Vista: ‘The Americans’ y la ética de la guerra (fría)

Las conversaciones de Elizabeth y Phillip en la cocina: ¿preparando una operación, o hablando de la educación de los hijos?
The Americans, la serie sobre una pareja de espías de la KGB que tiene que construir una vida como matrimonio en el Washington de tiempos de Reagan, ha entrado en su tercera temporada. Fox España, quizás por mantener la coherencia con la serie, la ha estrenado casi en la clandestinidad, en versión original, y un par de días después de su emisión en Estados Unidos.
La serie refleja el ambiente político que se vivía a comienzos de los años ochenta y de la que participábamos los que éramos entonces adolescentes tardíos. El primer episodio empieza con el comienzo del mandato de Reagan, en 1981. No habían pasado dos años del derrocamiento del Sha de Irán, las revoluciones contra las dictaduras de Nicaragua, El Salvador o Guatemala hacían de Centroamérica un polvorín y unos meses antes Estados Unidos había boicoteado las olimpiadas de Moscú por la invasión de Afganistán. Y la posibilidad de una guerra nuclear no estaba descartada: en 1979, la OTAN había adoptado su famosa doble decisión: desplegar misiles en Europa mientras llamaba a una negociación entre EEUU y la URSS.

Keri Russell y Matthew Rhys, en una sesión fotográfica para la revisa ‘GQ’. Podría ejemplificar el eslogan de la primera temporada: «Todo vale en el amor y la Guerra Fría».
Phillip y Elizabeth (interpretados por unos espléndidos Keri Russell y Matthew Rhys) son soldados en guerra y, como tales, tienen una parte de la ética en suspenso (es la misma excusa que se suelen dar terroristas y torturadores, por ejemplo en Homeland). Son patriotas: están disfrazados, y, aunque eso les prive de la protección que da la Convención de Ginebra a los uniformados (bueno, de hecho el KGB estaba estructurado militarmente y sí tenían uniforme), pueden robar y matar a sus enemigos si eso contribuye a la victoria.
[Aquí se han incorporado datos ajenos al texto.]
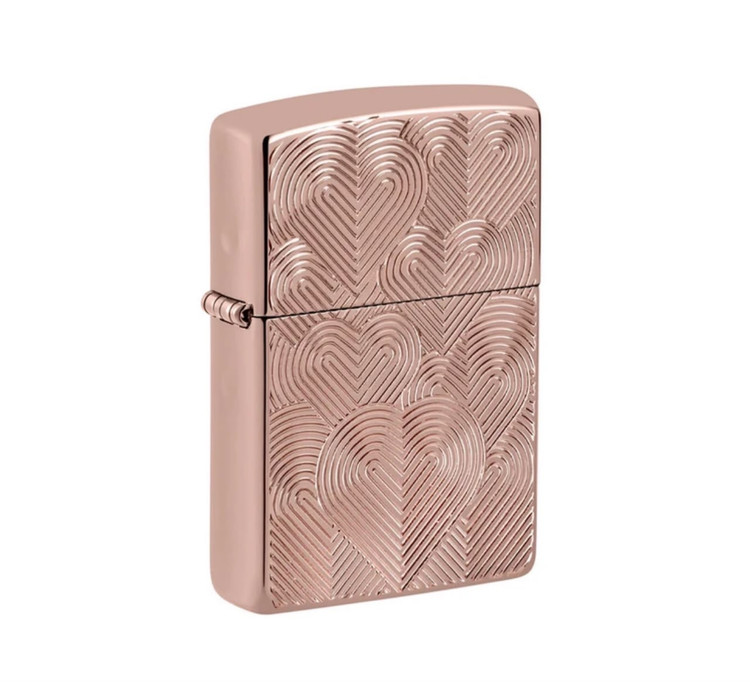 فندک زیپو اصل رزگلد آرمور طرح قلب Zippo 48919 Armor Hearts Design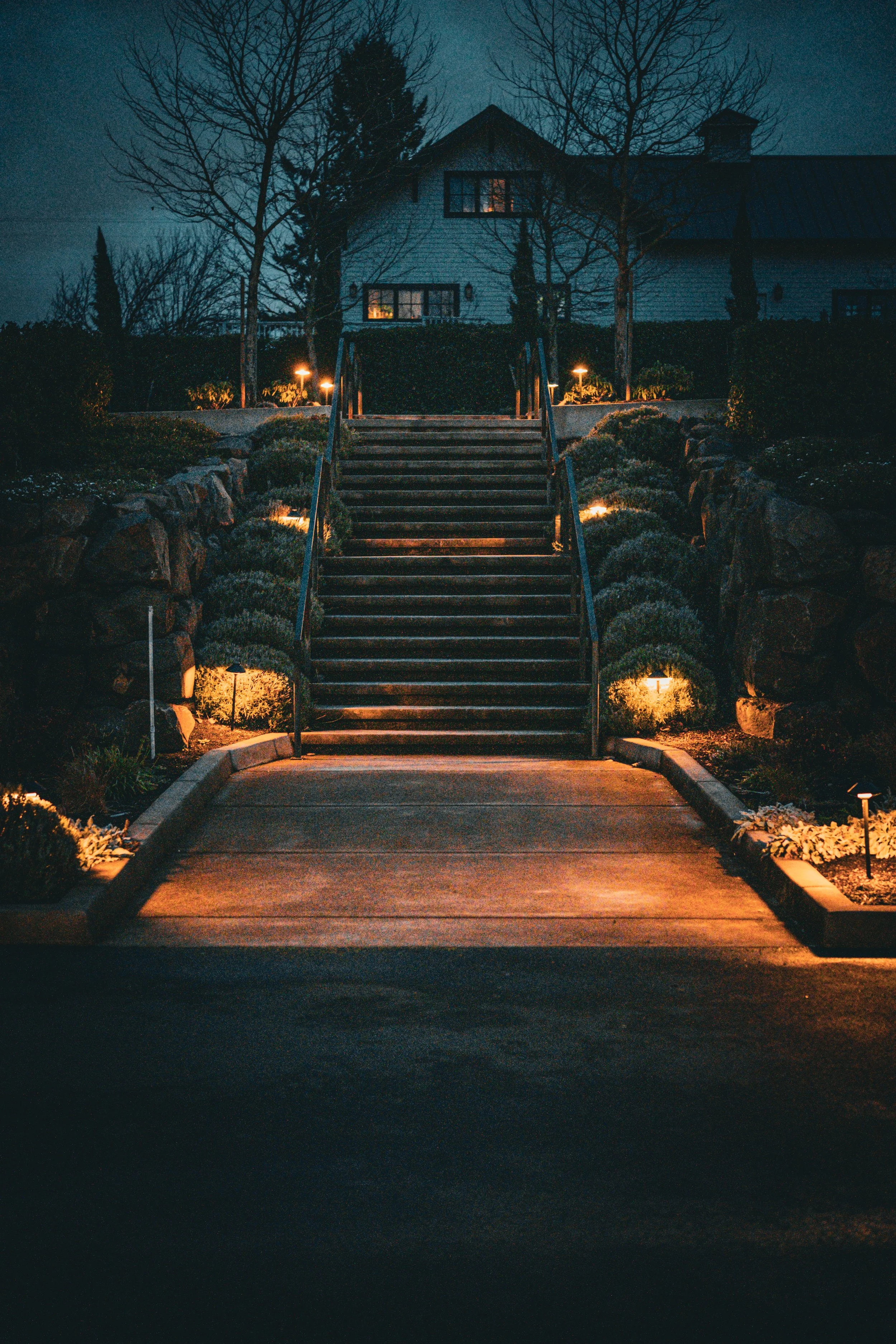 Nighttime view of an outdoor staircase with handrails, leading to a house with lit windows, surrounded by landscaped bushes and trees with no leaves.
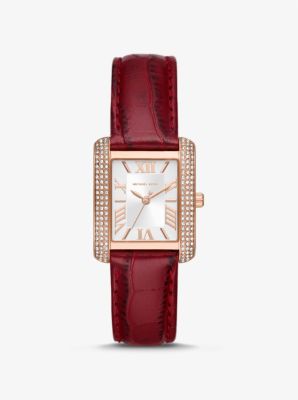 MK4689 - Mini Emery Pavé Rose Gold-Tone and Crocodile Embossed Leather Watch RED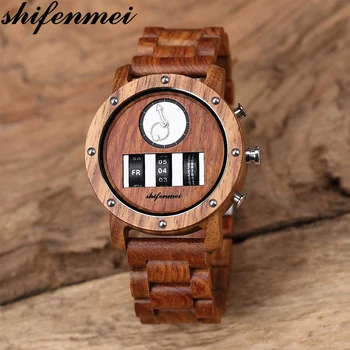

Shifenmei Wood Watch Roller Quartz Watch Men Top Luxury Brand Man Military Sport Wristwatch Wooden Watch Male relogio masculino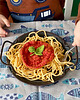 zabawki - inne Szydełkowe spaghetti z sosem pomidorowym i bazylią 1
En realidad, su actividad como espías nunca les crea problemas éticos, mientras quede confinada al enfrentamiento, por decirlo así, entre militares: el KGB por un lado, el FBI (que es el que tiene la jurisdicción de contraespionaje en EEUU) y la CIA por otra. Su brújula moral está muy clara, algo que no ocurre con otros personajes de la serie, especialmente en el caso de Stan Beeman, el agente del FBI al que interpreta Noah Emmerich. Otra cosa es cuando eso se desborda y las decisiones que toman en su vida terminan afectando a otras personas o, como se plantea desde el final de la segunda temporada, a su familia.
Dicho de otra forma, es la vieja diferencia entre la deontología profesional o la ética. Siempre me ha gustado como ejemplo el caso de Sparafucile, el asesino a sueldo que contrata Rigoletto para que asesine al Duque de Mantua. Maddalena, la hermana de Sparafucile, enamorada del duque, quiere evitar el crimen, y le sugiere que mate al bufón jorobado: salvará a su amante y cobrarán el total de la prima. Sparafucile se indigna.
¡Matar a ese jorobado!
¡Qué diablos dices!
¿Soy acaso un ladrón?
¿Soy tal vez un bandido?
¿A qué otro cliente
he traicionado?
Me paga ese hombre
y le seré fiel
Es curioso, pero en la ficción lo que diferencia, en general, a los asesinos en serie de los asesinos a sueldo (todos, al cabo, criminales en masse) es que los primeros están rodeados de un cierto misticismo, mientras que los segundos vienen a ser verdaderos ascetas. Desde Hannibal Lecter a Norman Bates, desde las viejecitas de Arsénico por compasión al Jean Baptiste-Grenouille de El Perfume, pasando, por supuesto, por Dexter o el anónimo protagonista de Seven, los asesinos en serie tratan de servir a un impulso que tiene algo de superior por inevitable. En cambio, los asesinos a sueldo, de Léon a Chigurh, a Jonathan Hemlock de La sanción del Eiger o al Michael Sullivan de Camino a la perdición, son en general ascetas que normalmente no obtienen más satisfacción de sus crímenes que la del trabajo bien hecho. Y su salario, por supuesto.
La serie puede verse también como una reflexión sobre la posibilidad de que un matrimonio concertado tenga éxito. ¿Es imprescindible que el amor preceda a la convivencia? ¿O basta con tener una identidad de propósitos y la obligación de servir (normalmente a los intereses familiares, en este caso a la patria, o a la ideología) para construir un matrimonio?